At my son’s recent fourth birthday, Lego was a predictably prominent feature. Things have changed in the world of plastic construction. It’s not like it was in my day. First, there’s a special tool now for prising apart those pieces that become inseparably fused. This I feel I have a duty as a father to disapprove of on a fundamental level, the same way I should really disapprove of Ipads and vaccinations, on the basis that these things might soften my progeny up. How is he going to learn about life if he’s never experienced Lego-finger?
I started thinking about Lego. In America, several pieces of Lego are called ‘Legos’, while we in the UK have opted for ‘Lego’ as a word for one brick or one hundred – a neat little transatlantic linguistic divergence. I don’t know why this has happened; perhaps mass nouns offend some foible in the spoken grammar of American children.
I listened to a Radio 4 programme a while back that told of research conducted on Lego bricks.
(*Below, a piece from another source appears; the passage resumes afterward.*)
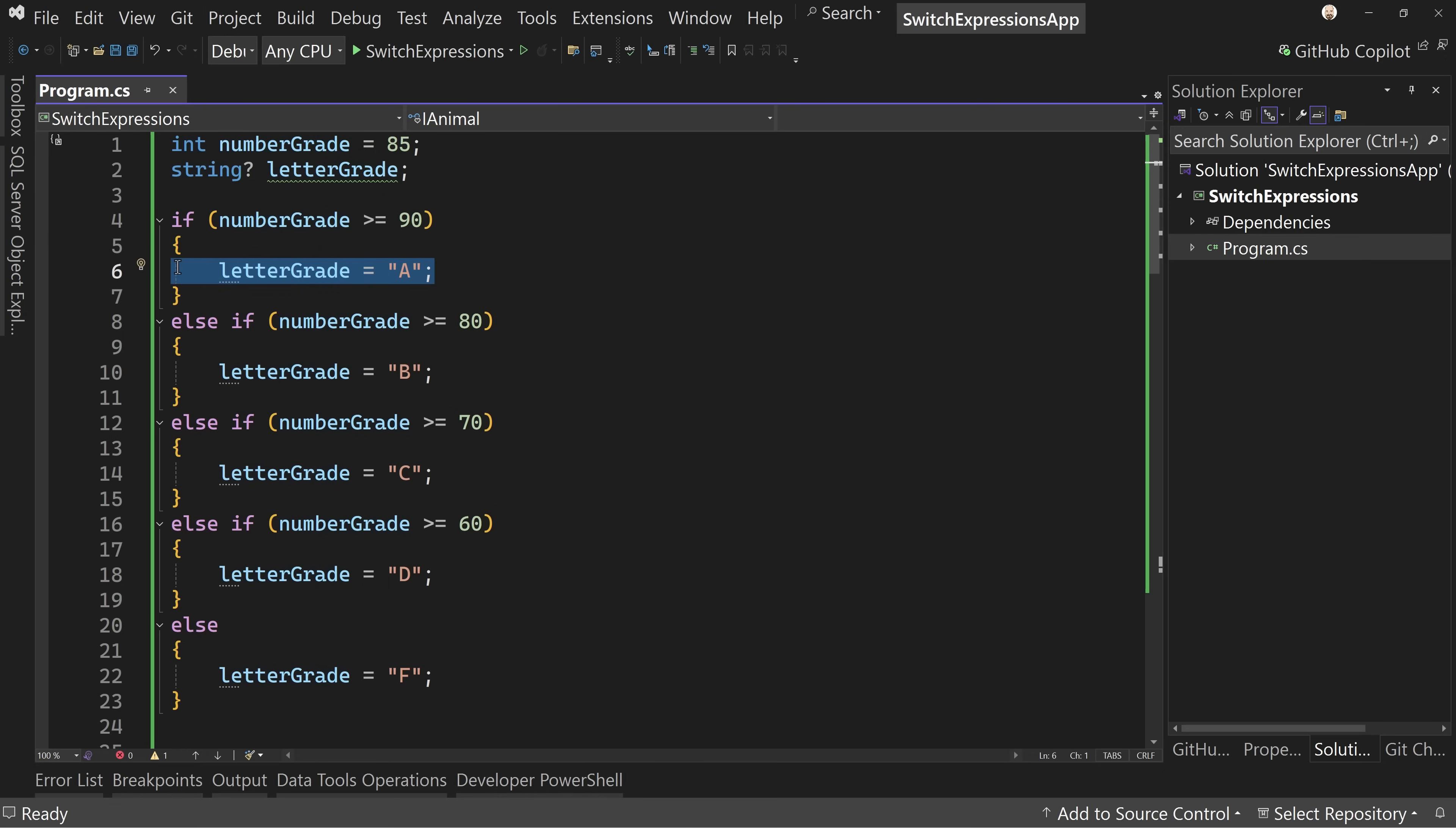So this is how we would assign that letter grade in C#. We'd do an if statement and else if, and else if, and else if, and our final else.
Apparently they are pretty much indestructible. A group of physicists placed bricks between pressure plates to find out how tall a tower you could build before the brick at the bottom shattered under the weight of the ones on top of it. But the bricks didn’t break. They just sort of flowed out from between the plates under the most extreme pressures. Perhaps their hardiness has something to do with why they hurt so much when you step on them.
The big thing I learned about Lego at my son’s birthday party was that it is very much a solo pursuit. A group of six or so party guests attempted to build a kit together, with disastrous consequences. Lego-building by committee can only ever end in tears.